I don't think we read the same OP. If there was any outlining of what led up to this point (beyond "you decided to leave your dolly in the car"), I missed it completely.
|Obviously, it's impossible for us to know what had already happened, both before the restaurant and at the restaurant. But from what was outlined here, it all sounds like a normal, if annoying, parenting situation that was handled well. I'm sure the mother really didn't enjoy interrupting her meal to take her daughter outside, but she was handling it calmly and doing what needed to be done.
To each their own. I see no evidence that it "needed to be done". We don't know anywhere near enough about what actually happened, but based on the snippet the OP provided, there's no evidence that the mother was doing anything but "teaching" an arbitrary "lesson" that may have had nothing to do with anything. I know I'd be pretty upset if someone answered my complaint that "there's nothing to do and you're ignoring me" with "well, that's what happens in this kind of place - deal".
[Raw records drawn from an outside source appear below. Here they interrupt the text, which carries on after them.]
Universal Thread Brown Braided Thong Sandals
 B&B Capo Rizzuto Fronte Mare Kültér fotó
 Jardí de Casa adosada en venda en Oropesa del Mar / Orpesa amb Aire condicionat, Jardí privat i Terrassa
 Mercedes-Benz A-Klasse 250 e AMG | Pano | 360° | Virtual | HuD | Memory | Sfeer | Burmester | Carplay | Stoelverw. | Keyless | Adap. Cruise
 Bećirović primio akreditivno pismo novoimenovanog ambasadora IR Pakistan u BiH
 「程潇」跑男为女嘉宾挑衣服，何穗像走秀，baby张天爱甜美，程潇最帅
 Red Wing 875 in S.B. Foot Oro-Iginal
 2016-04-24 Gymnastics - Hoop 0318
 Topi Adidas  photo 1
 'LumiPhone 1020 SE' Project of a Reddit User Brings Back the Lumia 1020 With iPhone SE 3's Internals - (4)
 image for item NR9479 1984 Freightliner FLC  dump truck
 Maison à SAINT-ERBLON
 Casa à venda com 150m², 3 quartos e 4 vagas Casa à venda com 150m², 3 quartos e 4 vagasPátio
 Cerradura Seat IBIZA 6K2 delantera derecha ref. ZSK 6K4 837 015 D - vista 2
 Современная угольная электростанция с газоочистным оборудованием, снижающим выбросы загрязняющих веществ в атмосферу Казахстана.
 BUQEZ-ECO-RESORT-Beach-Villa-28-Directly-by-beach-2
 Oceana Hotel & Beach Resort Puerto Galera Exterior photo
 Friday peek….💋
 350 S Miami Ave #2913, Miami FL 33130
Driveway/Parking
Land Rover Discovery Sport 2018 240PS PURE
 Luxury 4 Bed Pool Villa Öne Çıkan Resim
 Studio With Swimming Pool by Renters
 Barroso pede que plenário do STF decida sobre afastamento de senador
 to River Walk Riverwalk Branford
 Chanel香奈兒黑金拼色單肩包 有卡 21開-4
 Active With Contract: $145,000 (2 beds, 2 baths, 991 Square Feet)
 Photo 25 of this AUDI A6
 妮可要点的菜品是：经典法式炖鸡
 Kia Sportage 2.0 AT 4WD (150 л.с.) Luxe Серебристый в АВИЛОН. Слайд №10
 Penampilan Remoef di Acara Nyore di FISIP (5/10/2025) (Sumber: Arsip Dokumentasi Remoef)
I'm basing my responses on what the little girl said
. Her mother (again, based on the OP) didn't argue those points. She didn't say, "we're not ignoring you", so I have no reason to jump to the conclusion that the girl is overstating it. She didn't say, "I warned you there wouldn't be anything to do", so I have no evidence that this was discussed ahead of time. I'm basing this on the discussion recounted in the OP
, not on any thoughts about what might have happened prior to said discussion.